Air Berlin has announced three new longhaul routes to North America from its Dusseldorf hub; Dallas, San Francisco, and Boston. The new longhaul routes will commence next spring and feature fully lie-flat seats in business class.
Schedules have been loaded into the system and award space is now bookable with a variety of oneworld currencies. Use either your British Airways or American miles for travel on Air Berlin with no fuel surcharges.

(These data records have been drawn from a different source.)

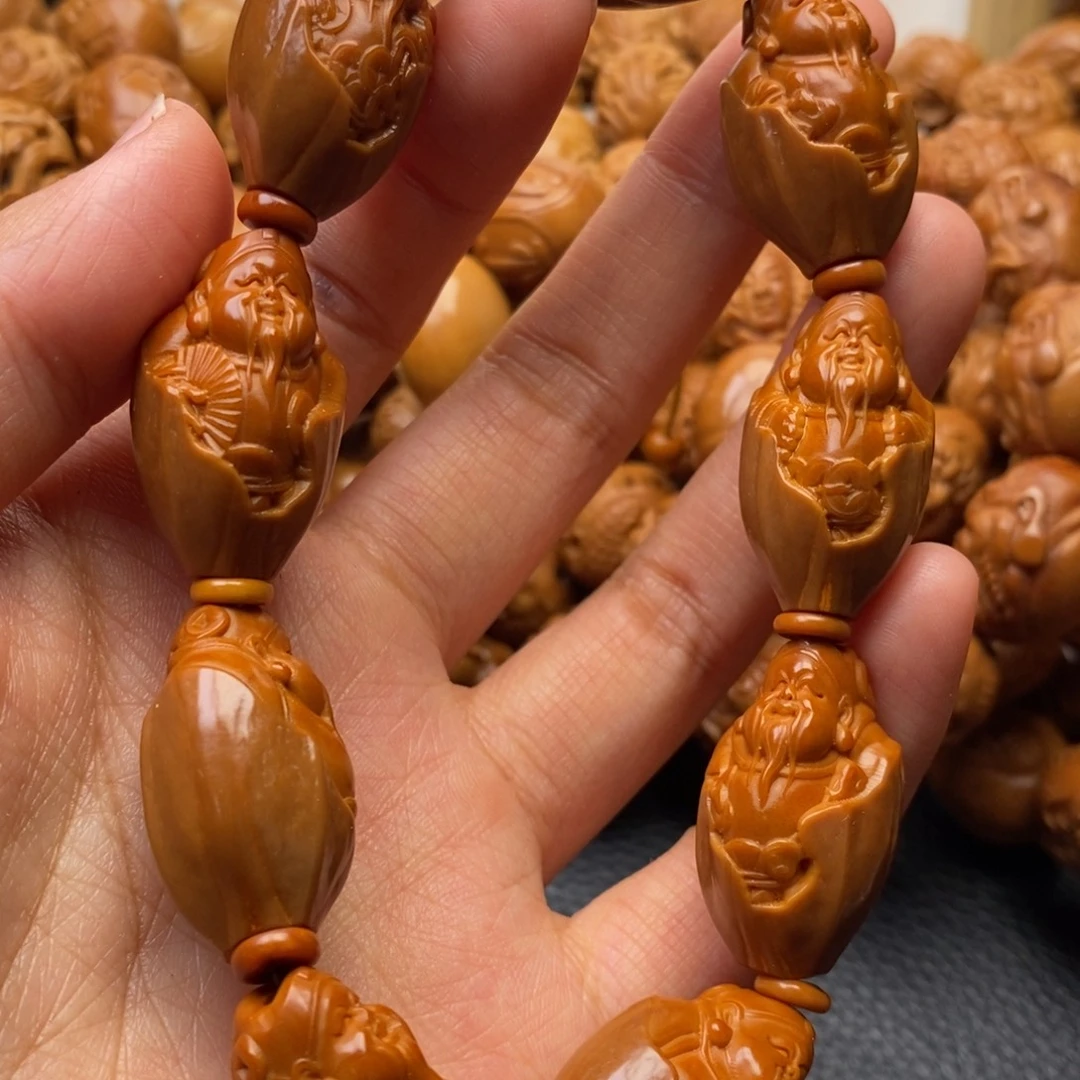手串橄榄核包衣财神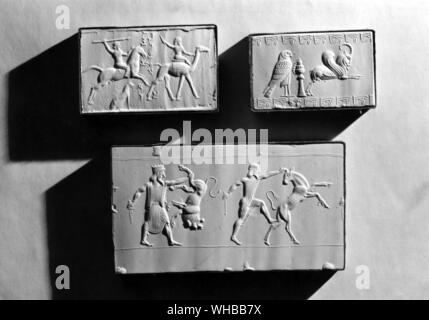 Sculptures en relief du Moyen-Orient : en haut à gauche - Sceau de Ninourta ah iddin ( fils de ) Bel napishtimma , NeoBabylonian 6e - 5e siècle avant J.-C. , un homme de cavalerie attaquer un arabe avec une lance . Abaisser - chasse Royale , Perisan 6e - 5e siècle av. Archaemenid , l'un des rois est illustré par un lion tenant une patte , un autre homme attrape un taureau par la guerre . Ce sont des sujets assyrienne et babylonienne ancienne symbolisant le Roi Triomphant de ses ennemis Banque D'Images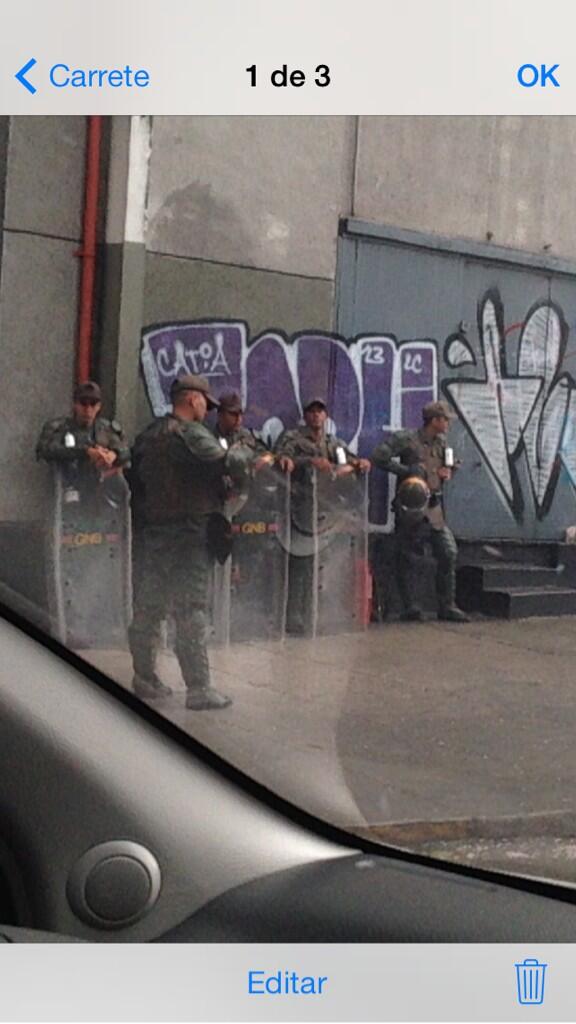 La Av. Casanova en Sabana Grande amaneció con militares (Fotos)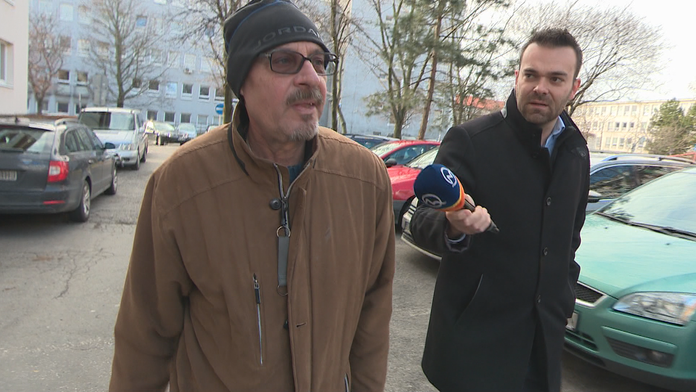 Valeri Ničuškin z Colrada oslavuje gól proti Ottawe.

All new flights have two business class seats loaded, though no economy class seats yet.
Dusseldorf to Boston – begins 07 May 2016
AB7472 Dusseldorf to Boston dep 1350 arr 1530
AB7473 Boston to Dusseldorf dep 1750 arr 0645+1
- 07 May 2016 – 11 June 2016 – 3x weekly (Tuesdays, Thursdays, Saturdays)
- from 12 June 2016 – 4x weekly (Tuesdays, Thursdays, Saturdays, Sundays)
Dusseldorf to Dallas – begins 06 May 2016
AB7010 Dusseldorf to Dallas dep 0915 arr 1250
AB7011 Dallas to Dusseldorf dep 1440 arr 0705+1
- from 06 May 2016 – 4x weekly in both directions (Sundays, Mondays, Wednesdays, Fridays)
Dusseldorf to San Francisco – begins 06 May 2016
AB7392 Dusseldorf to San Francisco dep 1320 arr 1555+1
AB7393 San Francisco to Dusseldorf dep 1755 arr 1335+1
- 07 May 2016 – 08 June 2016 – 3x weekly (Sundays, Wednesdays, Fridays)
- from June 9, 2016 – 5x weekly (Sundays, Mondays, Wednesdays, Thursdays, Fridays)
A couple things to keep in mind. First, AA has not yet loaded the space online, so you will need to call to book it. If you have Qantas or BA points, the space is now bookable online. Second, Air Berlin is one of those carriers that is great about releasing space in advance — usually 350 days in advance if you have BA or QF points — but not very good at opening up additional space, particularly close-in to travel. Do not count on additional last minute seats opening up.
Nevertheless, a great way to score transatlantic business class class and especially lucrative from the West Coast. The Road More Traveled has more on the new Dallas service.
Matthew: Have OW miles to burn long-haul NA-EU. Of Aer Lingus, Air Berlin, and Iberia (all which I have never flown and want to try, but…) J class how would you stack them? Berlin’s seats seem awfully narrow, hit or miss Teutonic cabin crew while Iberia’s service isn’t great (‘the personality of an olive pit’ I once read) via reviews but they are getting a new seats; Lingus with their new seat and service seems the best according to reports, incl. yours. Ultimately the decision will be made on availability, but I don’t necessarily want to take the least favorable carrier. On NA return I want to fly Qatar, do they have any Fifth routes from EU to NA or vice versa?. Thanks.
@Steve: I would rank the seats —
All are actually quite similar
But I like all three — you can check out my recent review of Aer Lingus here (I know you’ve seen it, but for others):
http://upgrd.com/matthew/dublin-to-boston-in-aer-lingus-business-class.html
People complain about these type of business class seats because of the constrained foot space, but I find them to be no problem.
On the way back, you can fly via DOH on Qatar, but extra miles will be needed — you’ll need 30K for business form Europe to Doha and then 67.5K back to the States versus just 50K on Finnair, Iberia, Air Berlin, AA, or BA.